• **Work instructions**
Before copying, find the line below that contains "TV on river bed TV on river bed"; then return it and all later lines exactly, up to and including the final line, with no pictures.

• **Data excerpt**
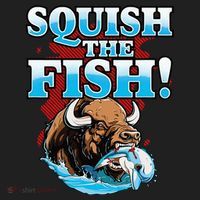 SQUISH THE FISH bison eating dolphin food chain fantasy Golf Towel thumb 3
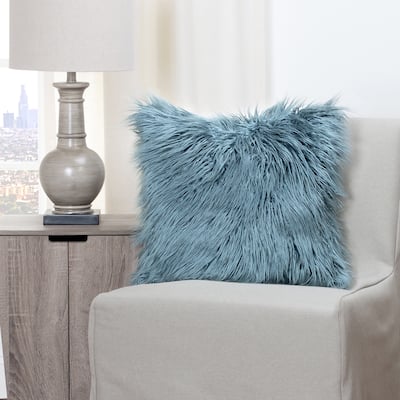 The Curated Nomad Carmel Llama Teal Faux Fur Throw Pillow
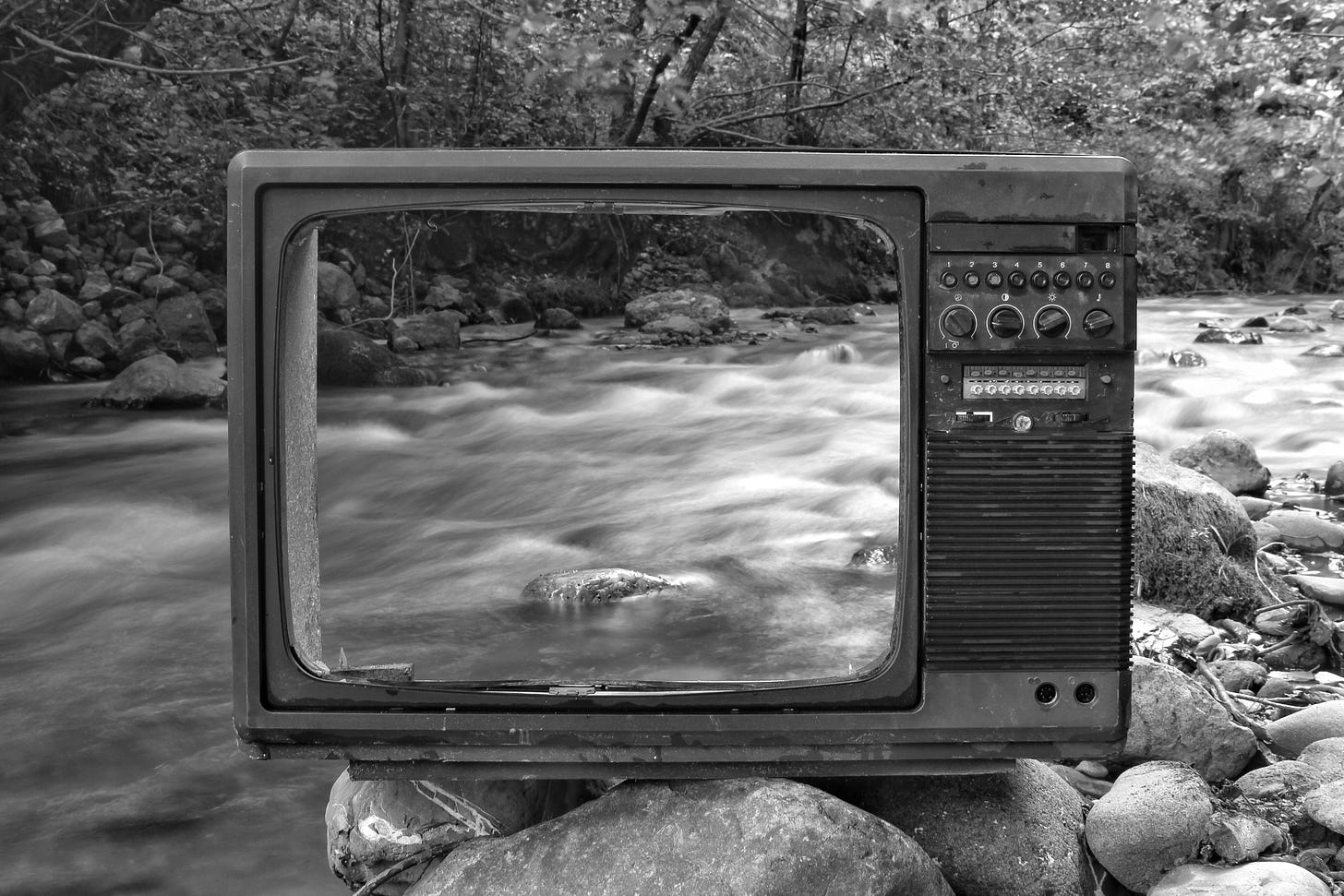 TV on river bed TV on river bed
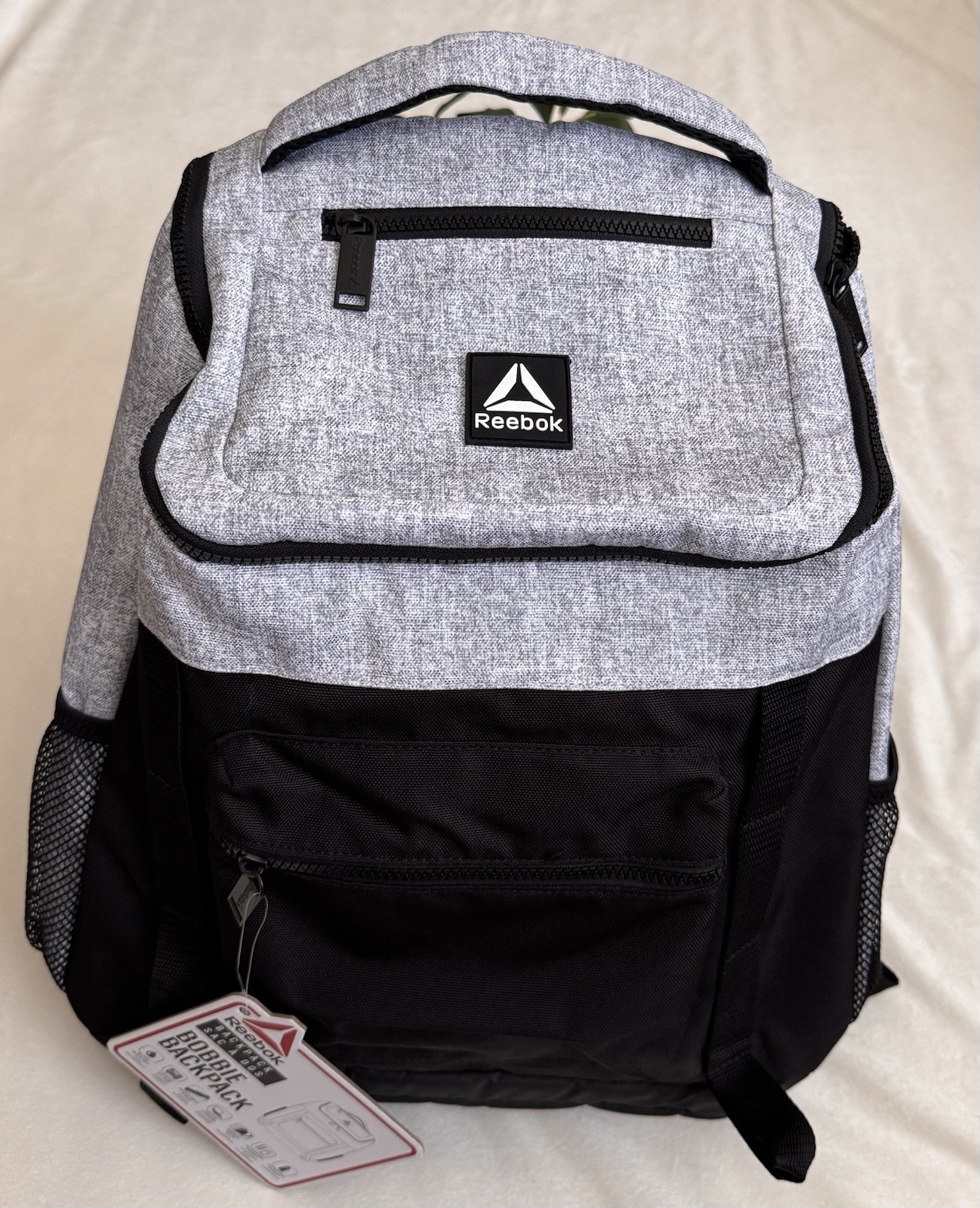 Reebok Unisex Adult Bobbie Top Loader 18.5″ Laptop Backpack, Light Heather Grey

• **Answer section**
 TV on river bed TV on river bed
 Reebok Unisex Adult Bobbie Top Loader 18.5″ Laptop Backpack, Light Heather Grey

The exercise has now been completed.